[
https://issues.apache.org/jira/browse/JENA-1771?page=com.atlassian.jira.plugin.system.issuetabpanels:all-tabpanel
]
Shawn Smith updated JENA-1771:
------------------------------
Description:
It looks like Jena assumes that OpDistinct preserves order, but order is not
preserved when spilling occurs. This is only a problem when the
ARQ.spillToDiskThreshold setting has been configured.
Consider the following query:
{code:java}
PREFIX : <http://example.org/>
SELECT DISTINCT *
WHERE
{ ?x :p ?v }
ORDER BY ASC(?v)
{code}
Here's the query plan for this query:
{code:java}
(distinct
(order ((asc ?v))
(bgp (triple ?x <http://example.org/p> ?v))))
{code}
Jena executes the ORDER BY ASC(?v) before the DISTINCT, relying on the SPARQL
requirement:
{quote}The order of Distinct(Ψ) must preserve any ordering given by OrderBy.
{quote}
But, when spilling, QueryIterDistinct (which executes OpDistinct) creates a
DistinctDataBag with a BindingComparator without any sort conditions. As a
result, the DISTINCT operation sorts using "compareBindingsSyntactic()" and
doesn't preserve the ORDER BY ASC(?v) requirement.
Note that some query plans will reorder the ORDER BY and DISTINCT, making
things work correctly. For example, adding a LIMIT clause to the query above
results in a "(top (5 (asc ?v))" operation that doesn't suffer from the bug.
You can reproduce this by injecting the following into QueryTest.java then
running the ARQTestRefEngine tests:
{code:java}
void runTestSelect(Query query, QueryExecution qe)
{
qe.getContext().set(ARQ.spillToDiskThreshold, 4); // add this line
...
{code}
For example, "ARQTestRefEngine -> Algebra optimizations ->
QueryTest.opt-top-05" will fail with:
{code:java}
Query:
PREFIX : <http://example/>
SELECT DISTINCT *
WHERE
{ ?x :p ?v }
ORDER BY ASC(?v)
LIMIT 5
Got: 5 --------------------------------
-------------
| x | v |
=============
| :x1 | 1 |
| :x2 | 2 |
| :x10 | 10 |
| :x11 | 11 |
| :x12 | 12 |
-------------
Expected: 5 -----------------------------
------------
| x | v |
============
| :x1 | 1 |
| :x2 | 2 |
| :x3 | 3 |
| :x3a | 3 |
| :x4 | 4 |
------------
junit.framework.AssertionFailedError: Results do not match
at junit.framework.Assert.fail(Assert.java:57)
at junit.framework.Assert.assertTrue(Assert.java:22)
at junit.framework.TestCase.assertTrue(TestCase.java:192)
at
org.apache.jena.sparql.junit.QueryTest.runTestSelect(QueryTest.java:284)
at
org.apache.jena.sparql.junit.QueryTest.runTestForReal(QueryTest.java:201)
at
org.apache.jena.sparql.junit.EarlTestCase.runTest(EarlTestCase.java:88)
at junit.framework.TestCase.runBare(TestCase.java:141)
at junit.framework.TestResult$1.protect(TestResult.java:122)
at junit.framework.TestResult.runProtected(TestResult.java:142)
at junit.framework.TestResult.run(TestResult.java:125)
at junit.framework.TestCase.run(TestCase.java:129)
{code}
was:
It looks like Jena assumes that OpDistinct preserves order, but order is not
preserved when spilling occurs.
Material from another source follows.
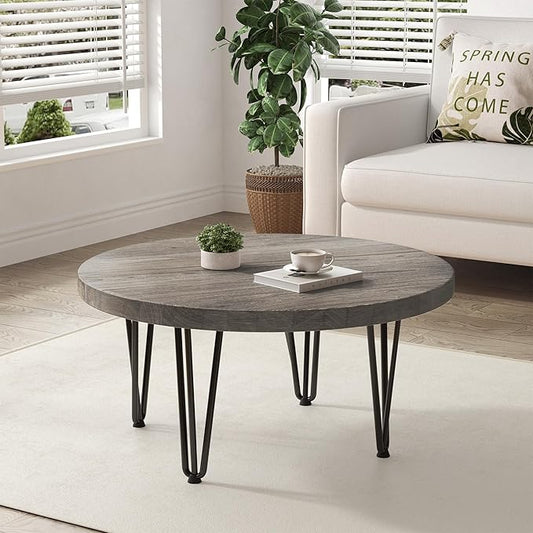 Rustic Wood Round Coffee Table with Metal Legs, Solid Elm Wood Top and Non-Slip Feet Pads - Farmhouse Style for Living Room, Grey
This is only a problem when the
ARQ.spillToDiskThreshold setting has been configured.
Consider the following query:
{code:java}
SELECT DISTINCT *
WHERE
{ ?x :p ?v }
ORDER BY ASC(?v)
{code}
Jena executes the ORDER BY ASC(?v) before the DISTINCT, relying on the SPARQL
requirement:
bq. The order of Distinct(Ψ) must preserve any ordering given by OrderBy.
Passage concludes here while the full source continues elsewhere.